- [AIM OF THE EXERCISE]:
Transcribe all the lines below exactly. Omit the pictures.

- [INFORMATION SUPPLIED]:
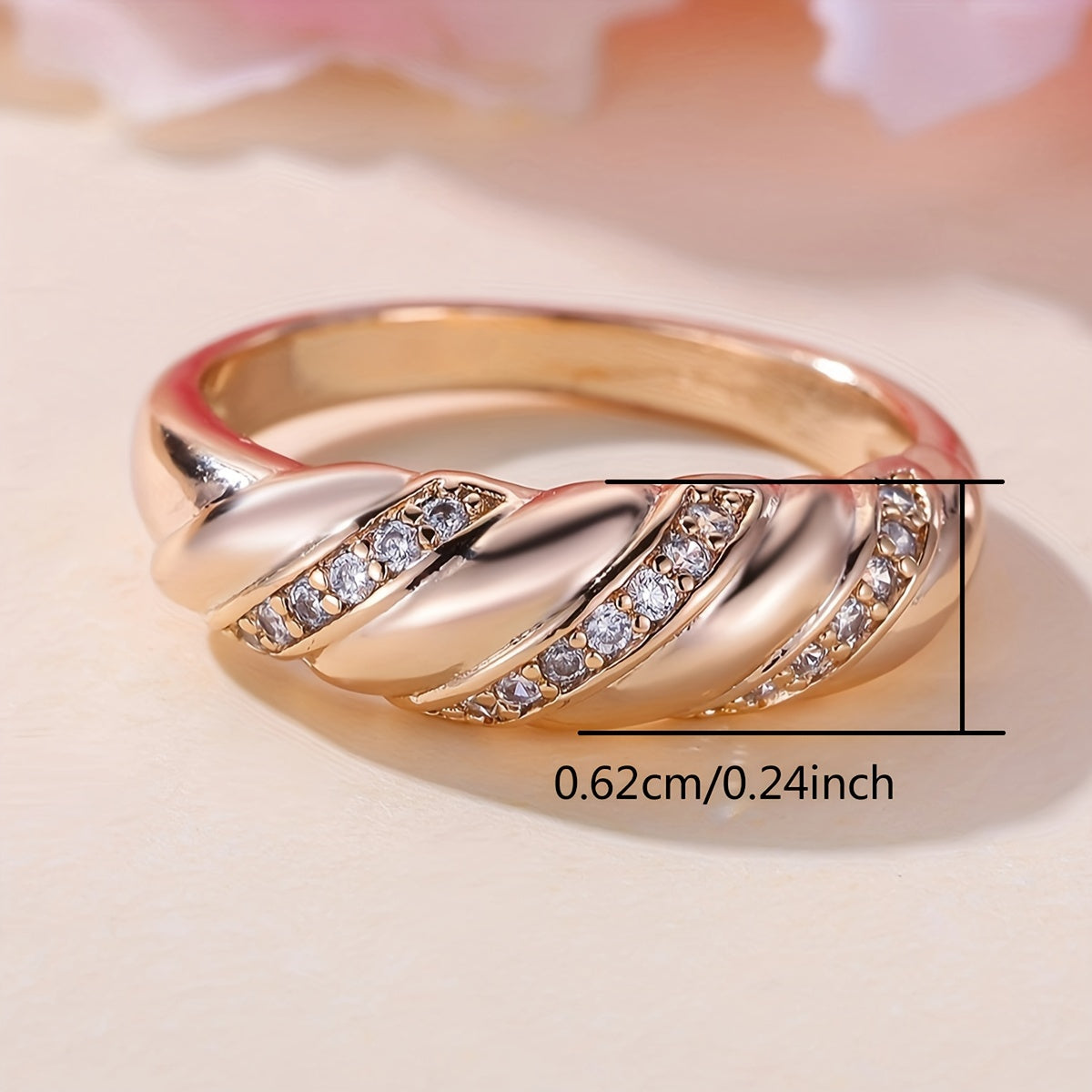 Elegant Zirconia Inlaid Twisted Design Gold Plated Ring
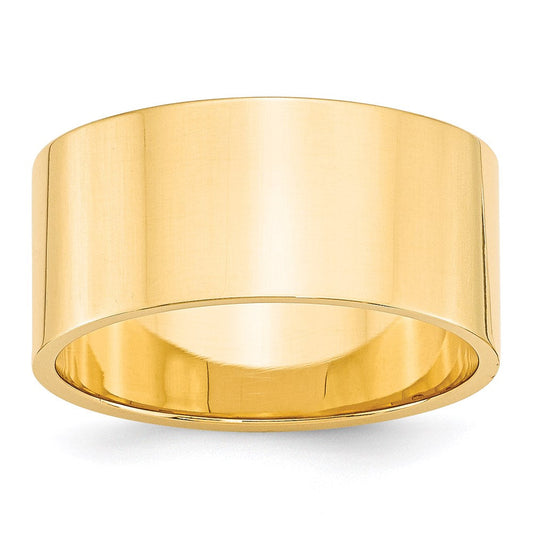 Solid 14K Yellow Gold 10mm Light Weight Flat Men's/Women's Wedding Band Ring Size 9.5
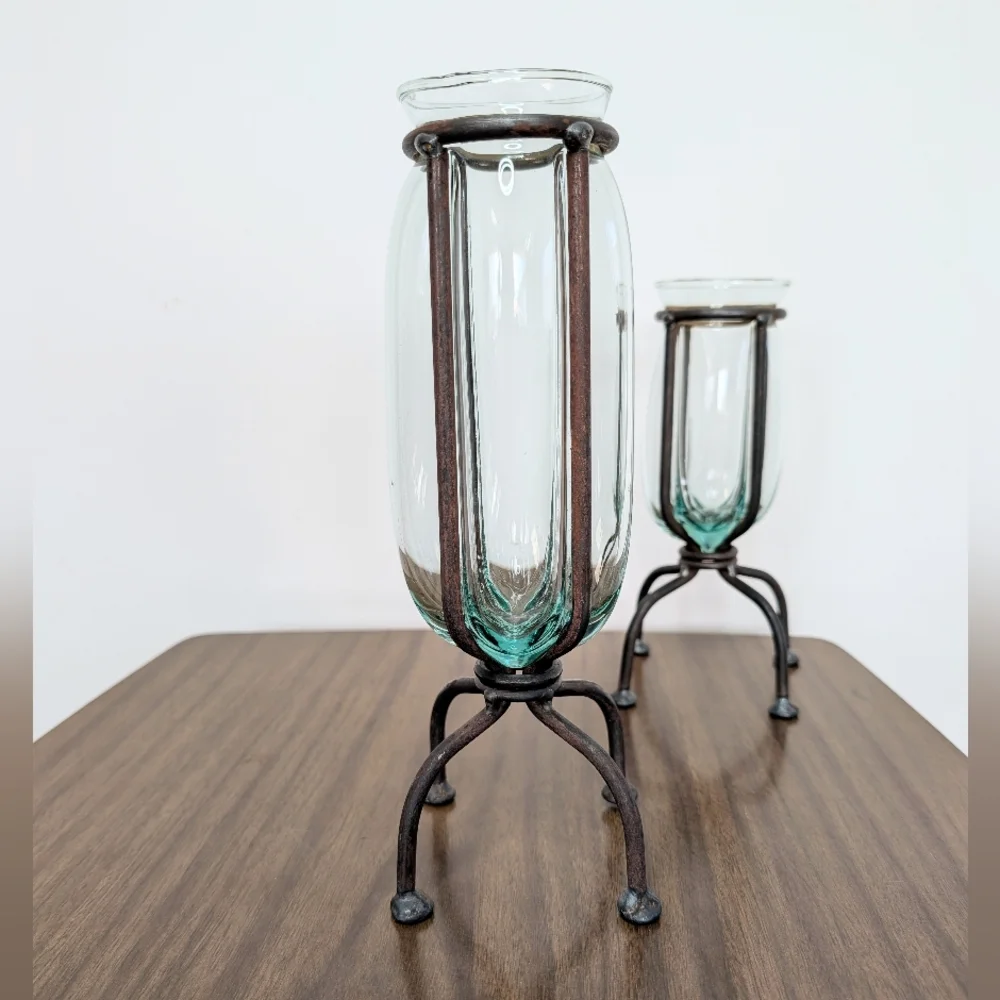 Pair Of Blown Caged Glass & Wrought Iron Metal Footed Vases Industrial Brutalist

- [WRITTEN RESPONSE]:
 Elegant Zirconia Inlaid Twisted Design Gold Plated Ring
 Solid 14K Yellow Gold 10mm Light Weight Flat Men's/Women's Wedding Band Ring Size 9.5
 Pair Of Blown Caged Glass & Wrought Iron Metal Footed Vases Industrial Brutalist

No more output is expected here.